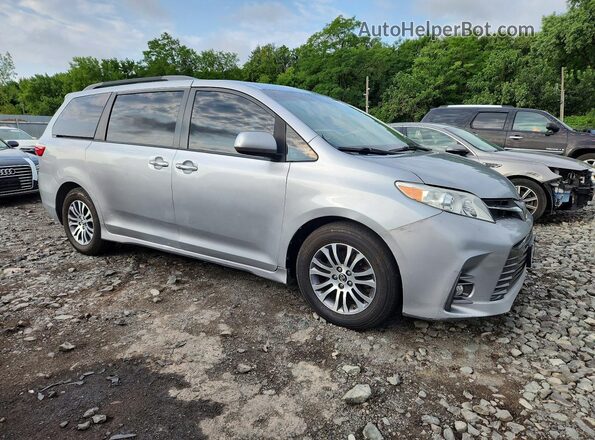 5TDYZ3DCXJS927018 2018 TOYOTA SIENNA Silver Przód prawy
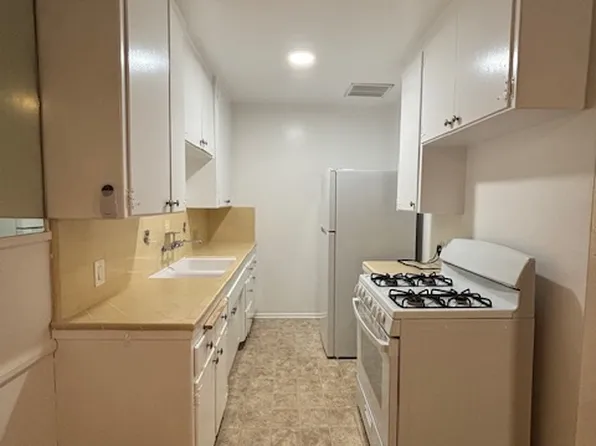 953 6th St APT 3, Santa Monica, CA 90403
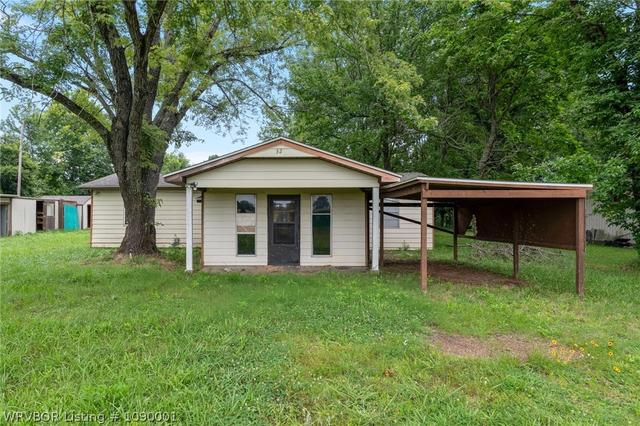 329 Catcher Rd, Van Buren, AR 72956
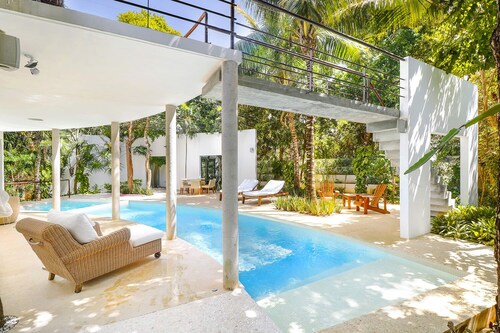 Luxe 4BR Architect Villa! Exclusive Lagoon Access! Private Pool!!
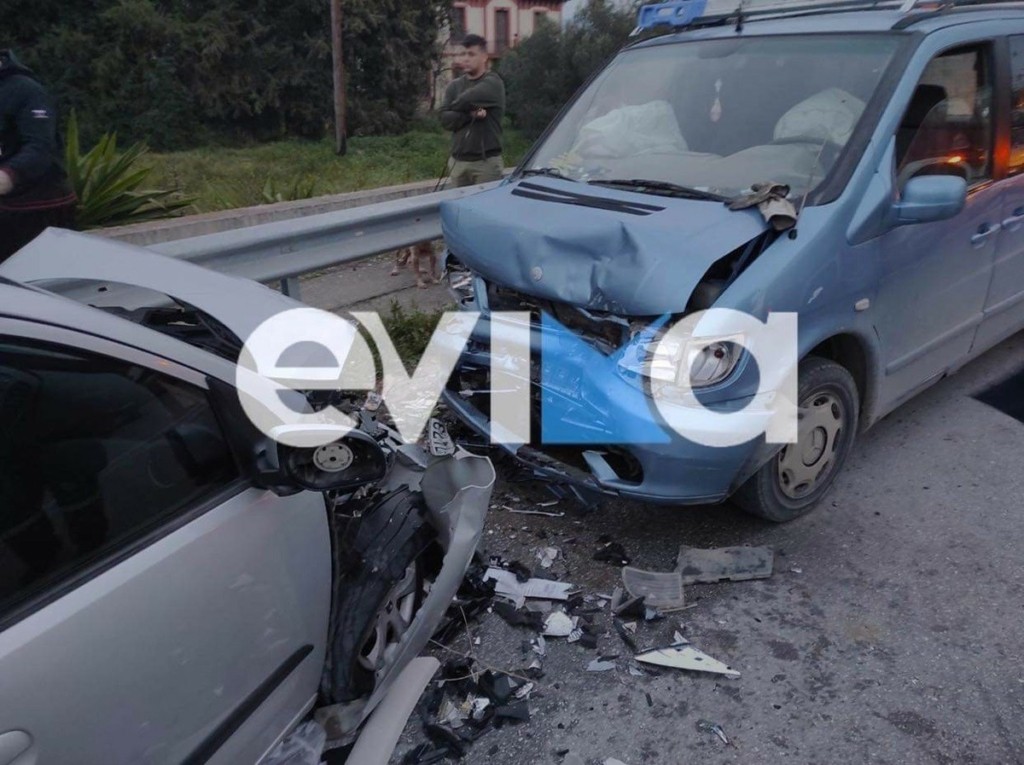 Εύβοια: Σοβαρό τροχαίο με εγκλωβισμένους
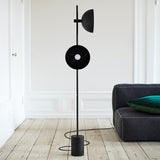 Lampe sur pied lourde noire : design durable et style élégant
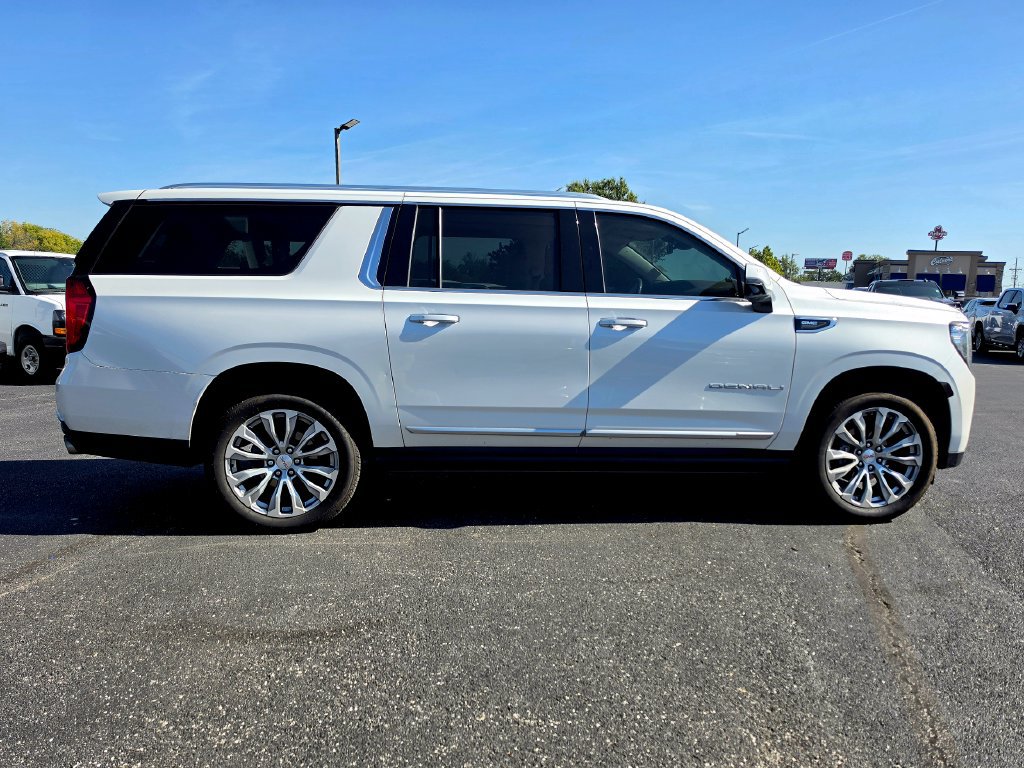 Used 2024 GMC Yukon XL Denali AWD/4WD image 13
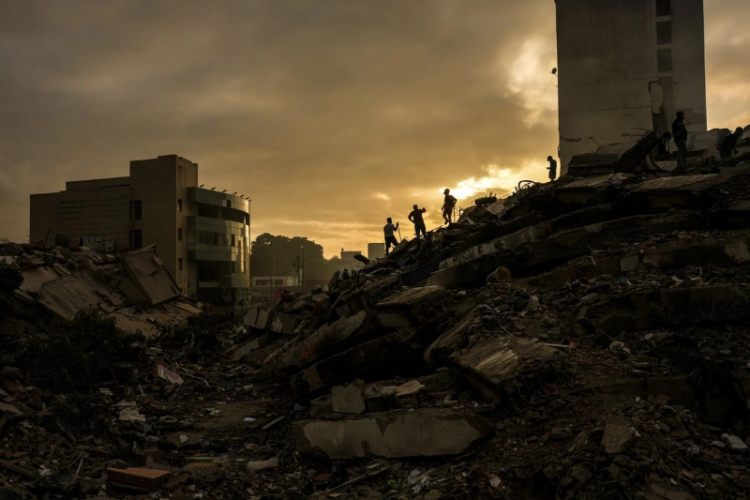 Venezuela enfrenta nueva réplica tras terremotos: suman más de mil 700 muertos y miles de damnificados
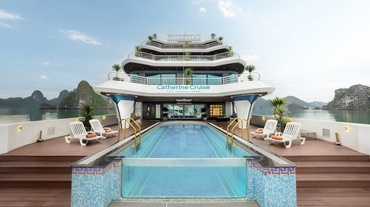 Best of Luxury: Oriental Jade Hotel + Catherine Cruise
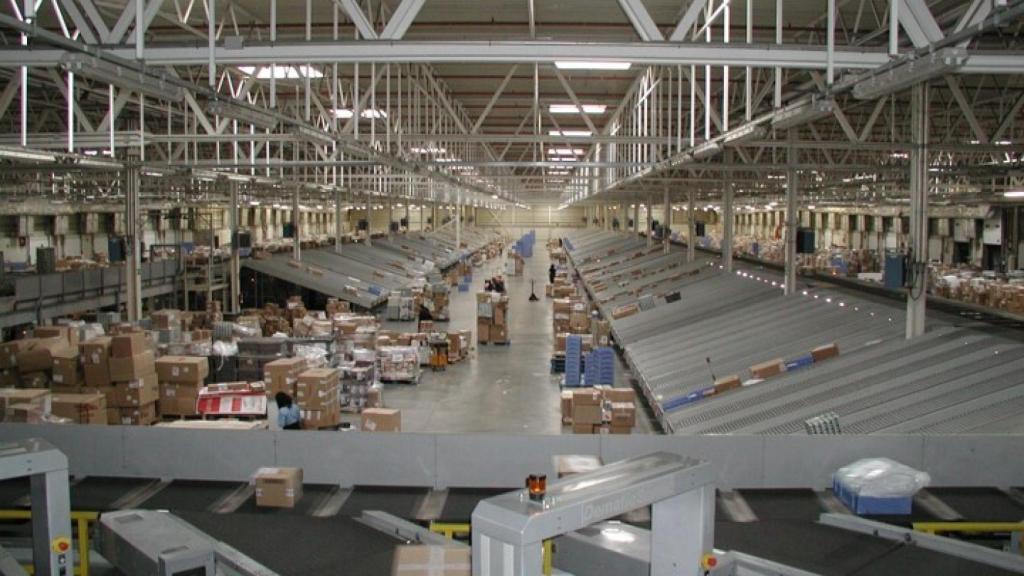 Centro logístico de El Corte Inglés que utiliza tecnología 5G.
____________________
WORK TASK: Extract only the lines from the line containing "Lampe sur pied" through the final line of the listing above, unchanged; pictures stay out of the copy.

TASK ANSWER:
 Lampe sur pied lourde noire : design durable et style élégant
 Used 2024 GMC Yukon XL Denali AWD/4WD image 13
 Venezuela enfrenta nueva réplica tras terremotos: suman más de mil 700 muertos y miles de damnificados
 Best of Luxury: Oriental Jade Hotel + Catherine Cruise
 Centro logístico de El Corte Inglés que utiliza tecnología 5G.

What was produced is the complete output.